At its core, a teacher apprenticeship works like this — the paraprofessional keeps their job and their paycheck. They continue working in the classroom, getting supervised, hands-on experience under a mentor teacher, while completing coursework toward their credential on a structured schedule. At the end, they've earned something recognized: a teaching license, a degree, or both. It's not a tuition reimbursement program where employees go to school on their own time and hope for the best. It's a designed pathway with a beginning, a middle, and a defined outcome.
Clarksville-Montgomery County School System in Tennessee built the most well-known version of exactly this model. In January 2022, their district — in partnership with Austin Peay State University — became the first registered apprenticeship program for teaching in the entire country, officially approved by the U.S. Department of Labor. Participants work as paid classroom employees from day one while earning their credentials, with tuition covered through state and federal funding. A detailed case analysis by the Learning Policy Institute confirmed that apprentices progress under structured mentor supervision — with candidates typically apprenticing between one and three years depending on their prior education level — and earn progressively higher wages as they demonstrate teaching competence.

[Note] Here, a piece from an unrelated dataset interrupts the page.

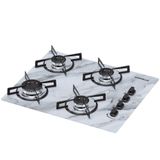 Cooktop 4 Bocas Ultra Chama Marmore Bivolt Branco Chamalux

Tennessee's model now serves as a national template. According to the Tennessee Department of Education's Registered Teacher Apprenticeship Program, enrollment in U.S. apprenticeship programs has grown 102% over the past decade, with the state's model having expanded to support partnerships across dozens of districts and Educator Preparation Programs statewide.
States are funding this at scale, too. Florida allocated $5 million specifically for "Grow Your Own" Teacher Apprenticeship programs in 2025 — a direct investment in creating registered apprenticeship pathways into teaching, as documented in Craft Education's Apprenticeship Funding Guide.
What Running This Actually Takes
If this sounds appealing, here's the honest truth: running an apprenticeship-based grow-your-own program takes coordination. You'll need a training plan, a way to track each participant's progress, documentation of their on-the-job hours, and reporting to demonstrate outcomes — especially if you're using grant funding.
Most districts default to spreadsheets. And spreadsheets break down fast when you're tracking multiple cohorts, multiple milestones, and multiple compliance checkpoints at once.
That's where purpose-built tools matter. Craft is built specifically to manage apprenticeship program data — tracking learner progress, hours, and compliance documentation in one place — so the people running the program can focus on the paraprofessionals they're developing, not on keeping the paperwork straight.
Your Next Step
You don't need to have all of this figured out before you start. In fact, the biggest mistake programs make is waiting until everything is perfect before building anything.
Start by identifying the paraprofessionals in your district who've expressed interest in teaching. Have a conversation. Find out whether a local college or university already has a pathway they could plug into. Connect with your state's workforce development board to understand what funding might already exist to support this kind of program.
If you want help understanding what a teacher apprenticeship program looks like from the inside, the Craft Apprenticeship Masterclass Playbook walks through the core components in plain language. The National Center for Grow Your Own (NCGYO) also offers free toolkits, district case studies, and technical assistance specifically designed for paraprofessional-to-teacher pathways — a strong non-commercial starting point for any district exploring this work.
Your paraprofessionals already chose your students. It's time to give them a reason to stay — and a path to grow.